**YOUR OBJECTIVE**. Write each record again exactly as it stands.

*** Opening EXTRACTED RECORDS ***

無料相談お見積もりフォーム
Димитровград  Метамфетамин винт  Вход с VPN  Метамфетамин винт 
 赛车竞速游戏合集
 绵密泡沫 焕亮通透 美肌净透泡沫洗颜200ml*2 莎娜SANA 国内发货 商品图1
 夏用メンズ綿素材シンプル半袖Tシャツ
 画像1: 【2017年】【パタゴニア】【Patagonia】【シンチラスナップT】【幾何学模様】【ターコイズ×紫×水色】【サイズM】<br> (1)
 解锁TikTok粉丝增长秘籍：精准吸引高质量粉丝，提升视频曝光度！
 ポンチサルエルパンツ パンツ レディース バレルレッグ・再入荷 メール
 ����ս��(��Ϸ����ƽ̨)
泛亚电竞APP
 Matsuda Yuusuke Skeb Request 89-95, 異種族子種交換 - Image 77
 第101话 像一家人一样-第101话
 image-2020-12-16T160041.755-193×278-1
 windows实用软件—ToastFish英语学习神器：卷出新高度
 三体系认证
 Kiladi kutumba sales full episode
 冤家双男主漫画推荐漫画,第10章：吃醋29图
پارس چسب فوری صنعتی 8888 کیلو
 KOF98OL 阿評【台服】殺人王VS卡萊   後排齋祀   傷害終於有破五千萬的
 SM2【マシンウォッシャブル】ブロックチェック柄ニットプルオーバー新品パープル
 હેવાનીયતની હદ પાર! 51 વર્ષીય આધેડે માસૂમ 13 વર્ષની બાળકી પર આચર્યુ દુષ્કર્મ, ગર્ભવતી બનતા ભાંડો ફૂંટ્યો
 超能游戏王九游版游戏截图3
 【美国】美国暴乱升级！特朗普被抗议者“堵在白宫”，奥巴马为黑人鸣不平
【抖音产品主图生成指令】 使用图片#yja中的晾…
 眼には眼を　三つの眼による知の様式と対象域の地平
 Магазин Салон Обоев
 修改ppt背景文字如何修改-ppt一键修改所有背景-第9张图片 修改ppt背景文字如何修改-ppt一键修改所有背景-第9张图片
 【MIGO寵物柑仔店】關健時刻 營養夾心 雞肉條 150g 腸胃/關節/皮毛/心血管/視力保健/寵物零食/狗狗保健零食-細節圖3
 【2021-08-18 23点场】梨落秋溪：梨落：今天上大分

*** Closing EXTRACTED RECORDS ***

**TASK SOLUTION**.
無料相談お見積もりフォーム
Димитровград  Метамфетамин винт  Вход с VPN  Метамфетамин винт 
 赛车竞速游戏合集
 绵密泡沫 焕亮通透 美肌净透泡沫洗颜200ml*2 莎娜SANA 国内发货 商品图1
 夏用メンズ綿素材シンプル半袖Tシャツ
 画像1: 【2017年】【パタゴニア】【Patagonia】【シンチラスナップT】【幾何学模様】【ターコイズ×紫×水色】【サイズM】<br> (1)
 解锁TikTok粉丝增长秘籍：精准吸引高质量粉丝，提升视频曝光度！
 ポンチサルエルパンツ パンツ レディース バレルレッグ・再入荷 メール
 ����ս��(��Ϸ����ƽ̨)
泛亚电竞APP
 Matsuda Yuusuke Skeb Request 89-95, 異種族子種交換 - Image 77
 第101话 像一家人一样-第101话
 image-2020-12-16T160041.755-193×278-1
 windows实用软件—ToastFish英语学习神器：卷出新高度
 三体系认证
 Kiladi kutumba sales full episode
 冤家双男主漫画推荐漫画,第10章：吃醋29图
پارس چسب فوری صنعتی 8888 کیلو
 KOF98OL 阿評【台服】殺人王VS卡萊   後排齋祀   傷害終於有破五千萬的
 SM2【マシンウォッシャブル】ブロックチェック柄ニットプルオーバー新品パープル
 હેવાનીયતની હદ પાર! 51 વર્ષીય આધેડે માસૂમ 13 વર્ષની બાળકી પર આચર્યુ દુષ્કર્મ, ગર્ભવતી બનતા ભાંડો ફૂંટ્યો
 超能游戏王九游版游戏截图3
 【美国】美国暴乱升级！特朗普被抗议者“堵在白宫”，奥巴马为黑人鸣不平
【抖音产品主图生成指令】 使用图片#yja中的晾…
 眼には眼を　三つの眼による知の様式と対象域の地平
 Магазин Салон Обоев
 修改ppt背景文字如何修改-ppt一键修改所有背景-第9张图片 修改ppt背景文字如何修改-ppt一键修改所有背景-第9张图片
 【MIGO寵物柑仔店】關健時刻 營養夾心 雞肉條 150g 腸胃/關節/皮毛/心血管/視力保健/寵物零食/狗狗保健零食-細節圖3
 【2021-08-18 23点场】梨落秋溪：梨落：今天上大分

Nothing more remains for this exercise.